[Crawled caption data]
______
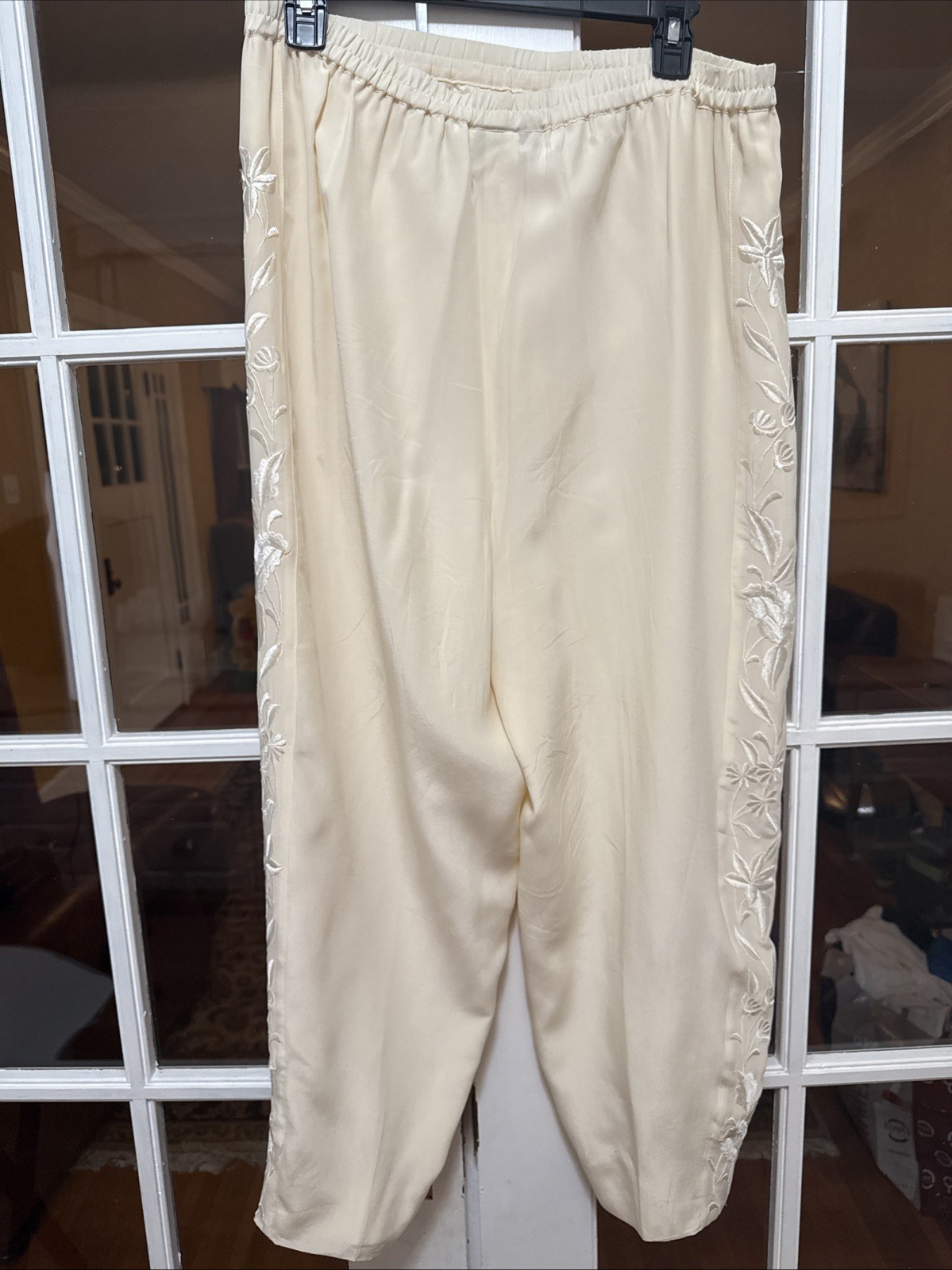 Vintage Bonnie Boerer unlimited ivory silk lounge pants embroidered sides size M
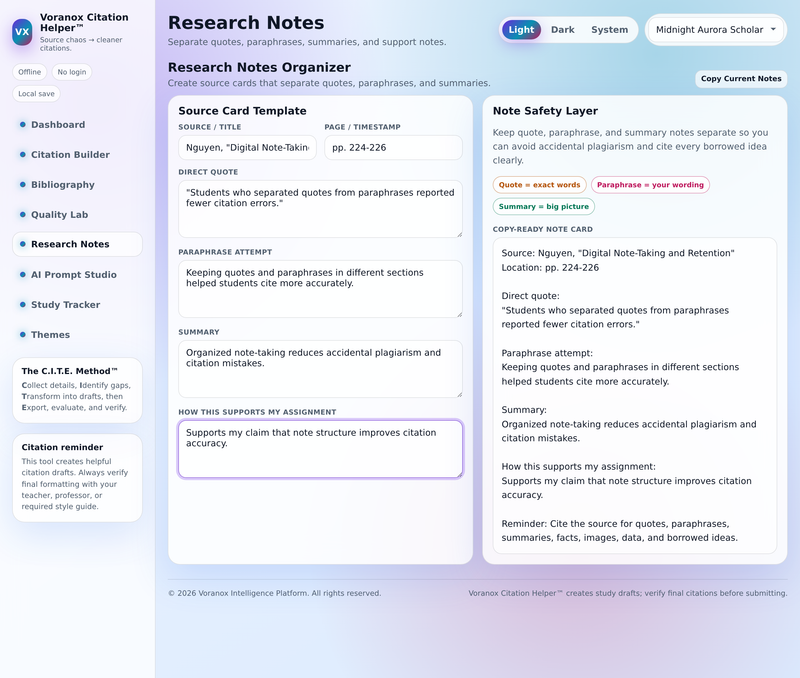 Research Notes organizer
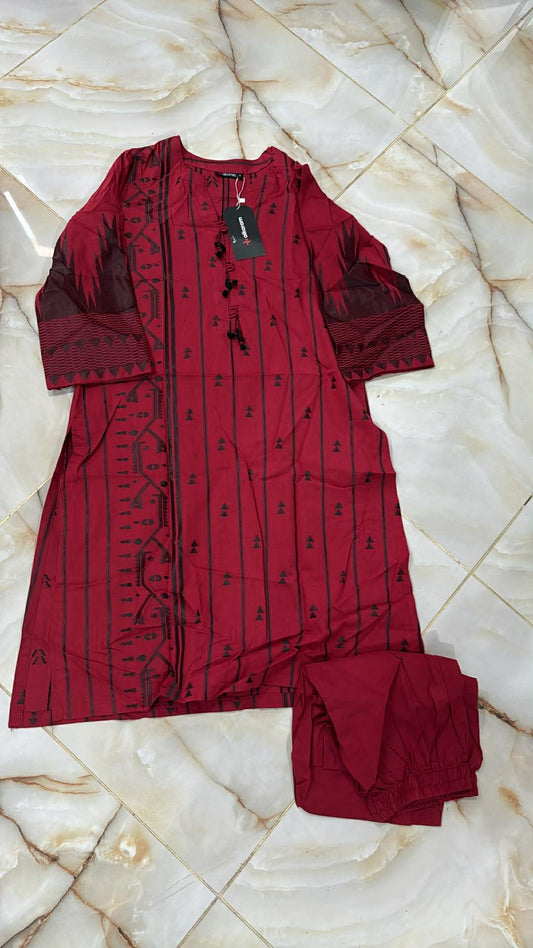 AL KARAM 02 PC STITCH SUIT / RED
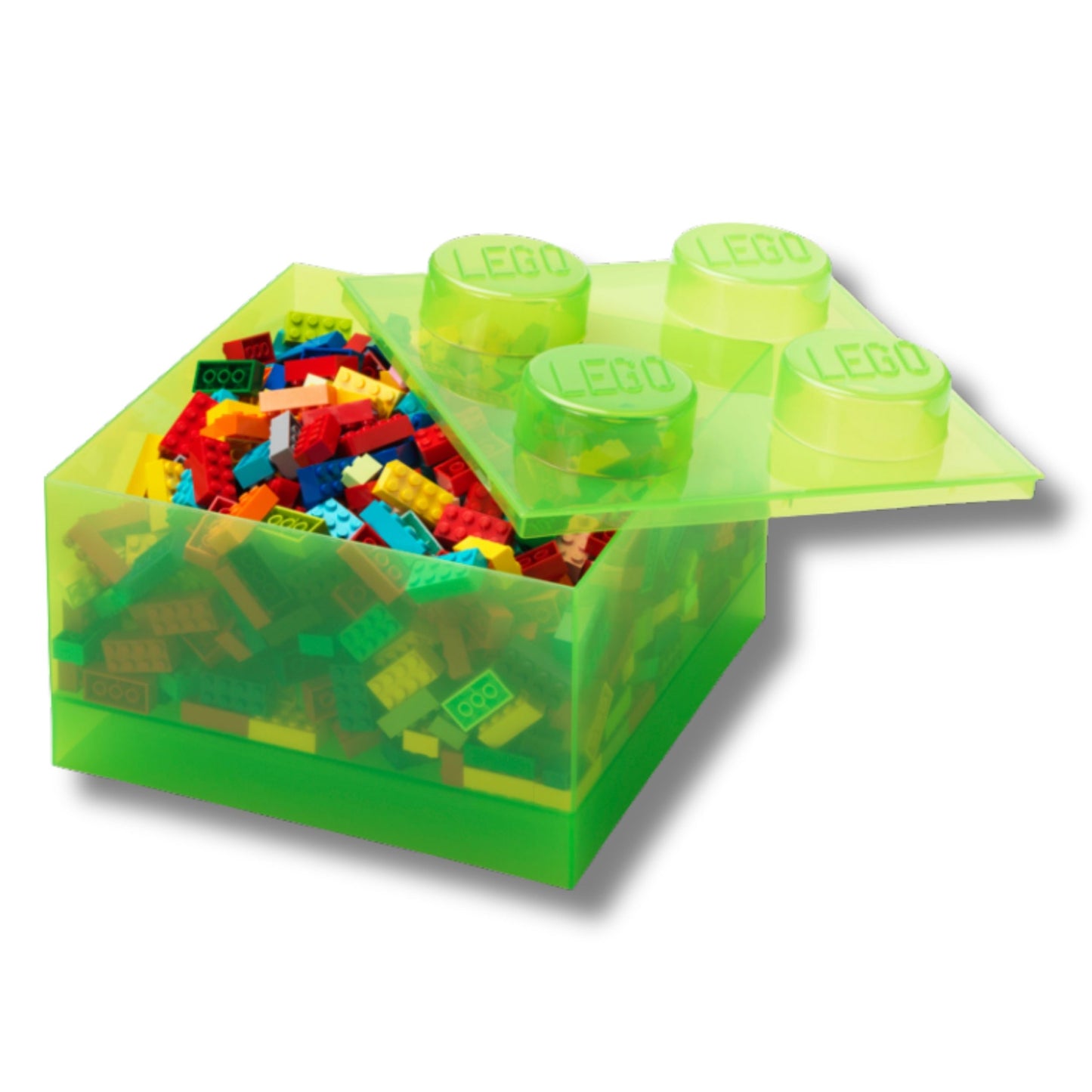 Lego storage brick 4 translucent (multiple colours)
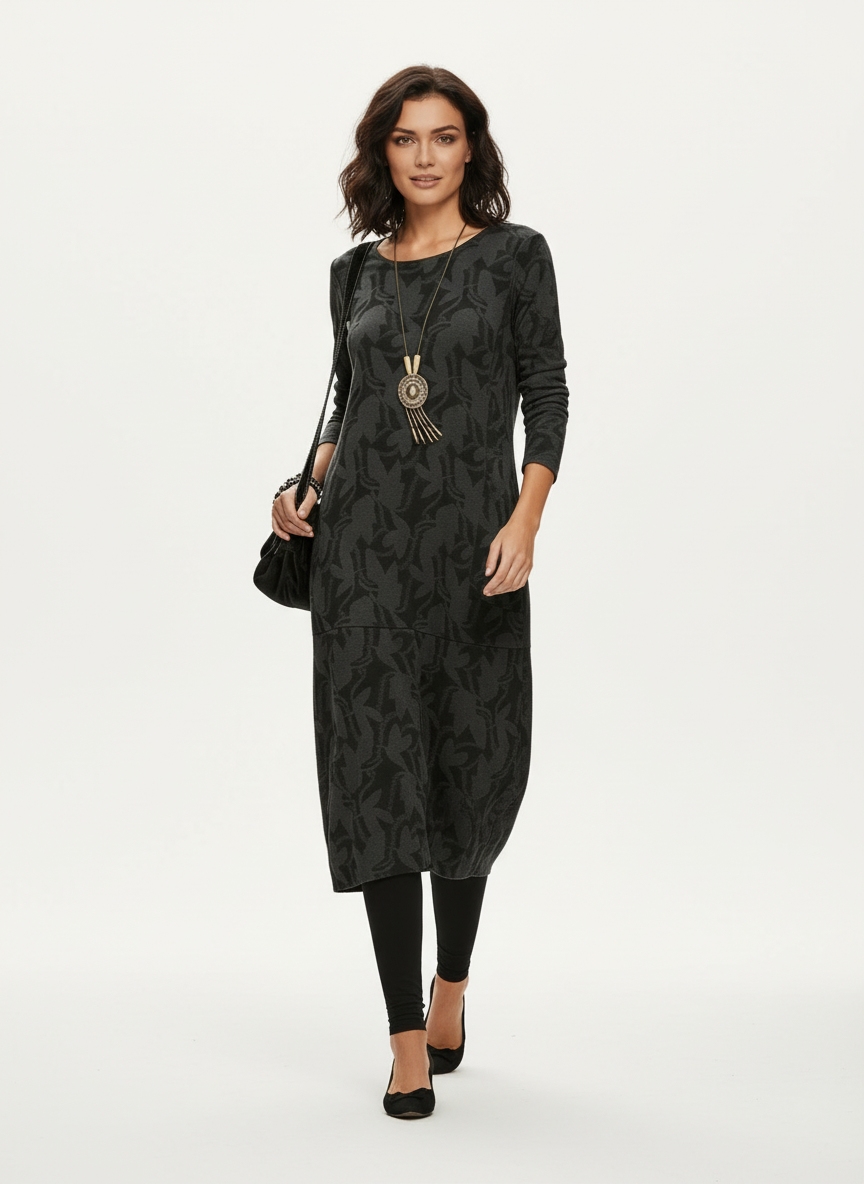 Bedrucktes Winter Strickkleid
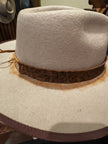 Handmade Brown leather tie hat band - O/S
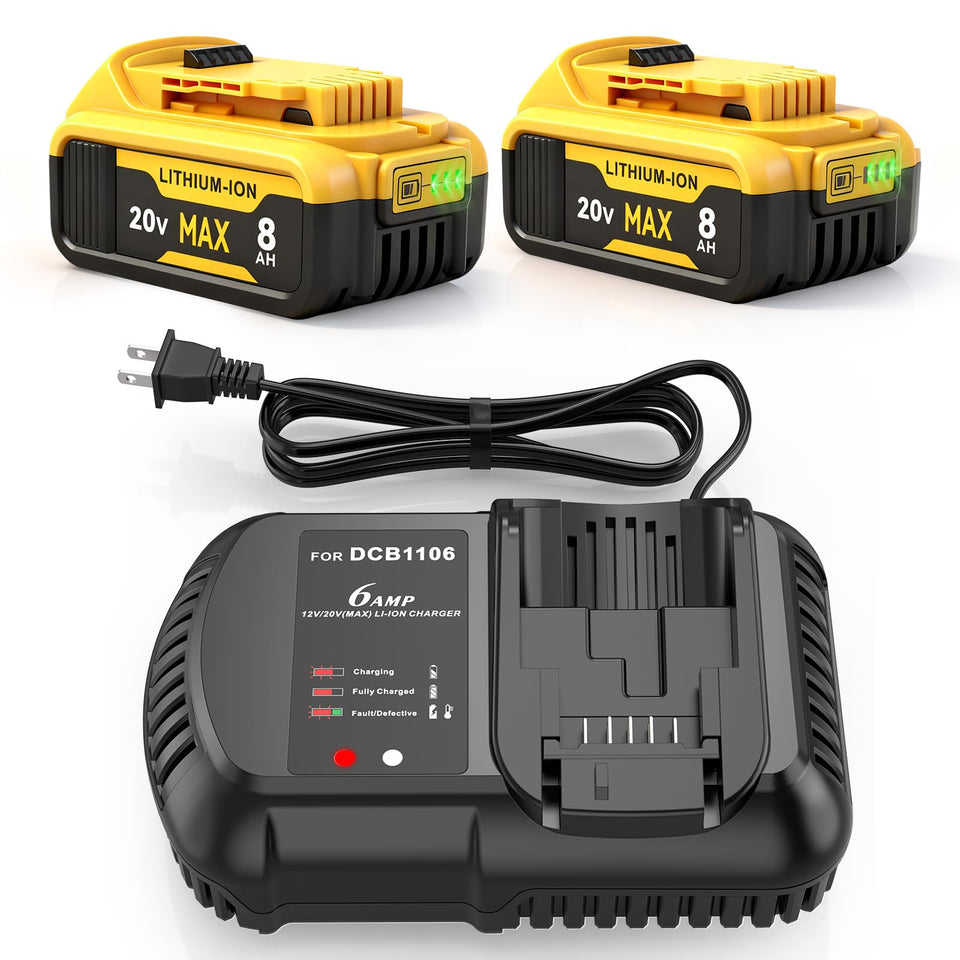QUASYREALIM 20V 8.0Ah battery with high capacity for extended runtime.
______
### PROBLEM DESCRIPTION
Only the lines from the one containing "Bedrucktes Winter Strickkleid" through the final line of the data should be given again, exactly and without pictures.

### COMPLETED EXERCISE
 Bedrucktes Winter Strickkleid
 Handmade Brown leather tie hat band - O/S
QUASYREALIM 20V 8.0Ah battery with high capacity for extended runtime.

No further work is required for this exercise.